木ではなく竹から作られた紙でできたノートがある。
竹の成長の早さに着目した原料調達法かと思いきや、
その陰には竹の産地で切望される
「日本の里山の原風景を取り戻したい」という壮大な夢があった。
紙は木から作られるもの――そんな常識をくつがえすのが、100%国産の竹で作られた「竹紙」、そして竹紙ノートである。木材の代わりに竹をチップにしてパルプを作り、それを一般的な紙と同じ抄紙機に通して紙にする。
できあがった竹紙は触れると適度なコシがあり、原料の色をそのまま生かした薄茶色が、時を経て飴色になった竹細工の品々を連想させる。もちろん、一般の印刷・筆記用紙と同じように扱える。
竹紙を開発した中越パルプ工業株式会社(東京都中央区)によれば、竹から紙を作るというユニークな発想が生まれたのは、増加しつつある放置竹林の問題を解決したかったからだという。
「当社の工場の一つが、鹿児島県の薩摩川内市にあるのですが、鹿児島県は竹林が多くタケノコの産地として有名です。ですが、近年は竹製品の需要の減少や人口の流出によって、竹林が整備されず荒れたままになっているのが目立つようになってきました。しかしそのまま放置しておくと、繁殖力の強い竹林が周辺の森林を侵食してしまい、環境保全上よくない。この地に拠点を置く企業として、何かできないかと考えたのが発端です」(中越パルプ工業営業企画部長・西村修さん)
そこで同社の事業である紙の製造に「竹」を組み込む試みが始まった。目的は適度な間伐を行うことで竹林の活性化を図るとともに、その事業を経済的にも軌道に乗せて持続可能なサイクルにすることである。
しかしその実現にあたっては苦労も多かった。木材と比べて硬い竹は、チップ化に手間がかかるうえ空洞が多く運搬効率に劣る。各農家でそれぞれ所有している竹林の竹をどのように集めるかという集荷システム作りも課題となった。
結局、農家側で自前の軽トラックに収穫した竹を積み、集荷所にめいめい運んでもらうというやり方に落ち着いた。

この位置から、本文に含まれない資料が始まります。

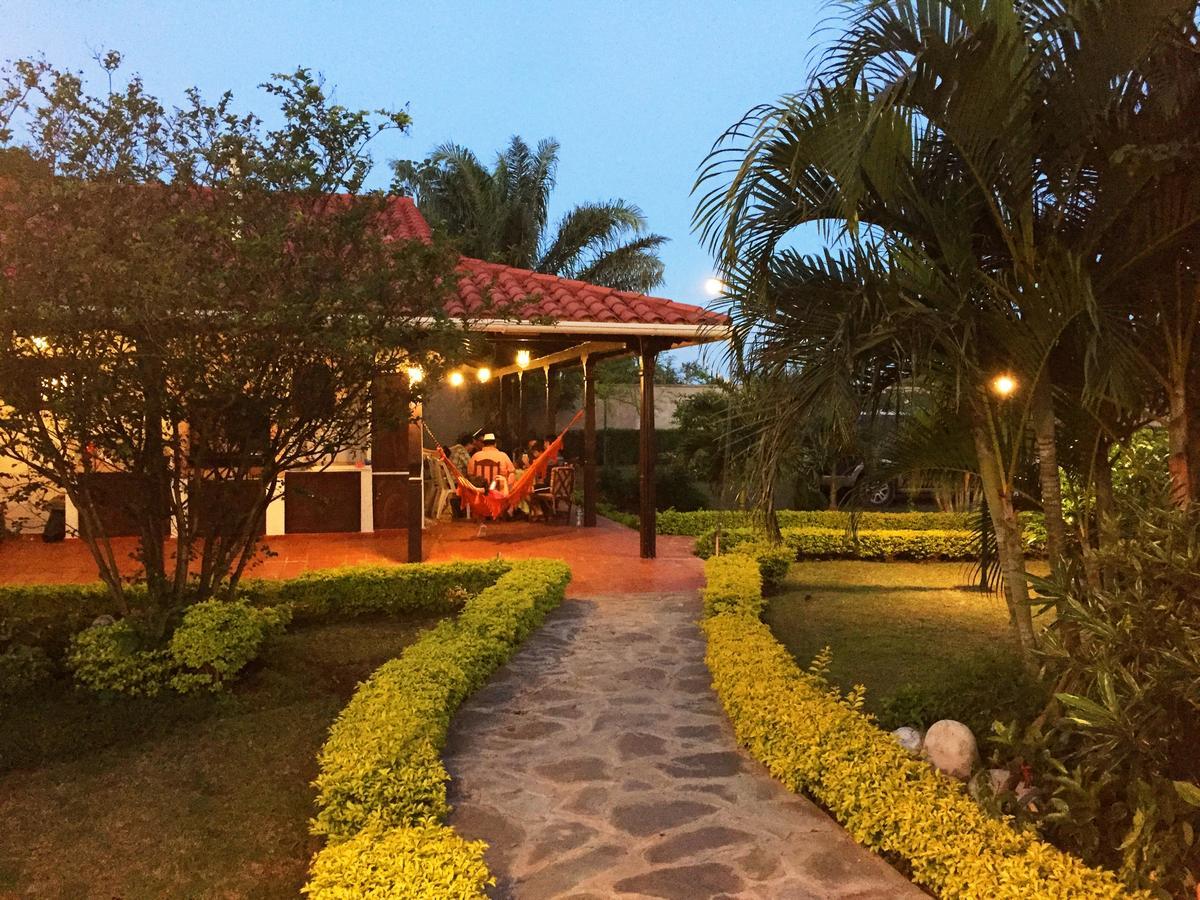 Warnes Los Jazmines Hotel Resort מראה חיצוני תמונה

「竹を提供してもらうのは農家の方からみて特別ワリのいい仕事ではありません。また、当社も竹のチップ化など、木材よりコスト高でもあえて実施していることもあります。しかしそれでも続けていけるのは、定期的に間伐を行うことで荒れた竹林が蘇り、昔のような美しい景観が戻りつつあるのを実感できるからではないでしょうか」(西村さん)
身近な竹林から竹を調達して紙を作る試みは、初めは鹿児島県内のみだったが、その後九州全域、鳥取にも広がっている。竹を有効活用することで竹林の整備を進めるという考え方は、竹と共に生活してきた人々にとって、受け入れやすいのだろう。
このような取り組みは1998年から行われているが、さらに多くの人たちに竹紙の存在を知ってもらうため、最近になって中越パルプ工業は、日本紙パルプ商事のグループ会社、株式会社ヤマト(東京都中央区)とともに竹紙ノートを商品化した。同社は、紙卸商のネットワークを生かし有名文具店等へ販売、新ビジネスにも積極的に挑戦している。店頭では、脇に添えられたPOPを見て竹紙の意義を知る人も多く、環境保全に関心の高いお客様のほか、外国人観光客がおみやげとして購入する姿もみられるという。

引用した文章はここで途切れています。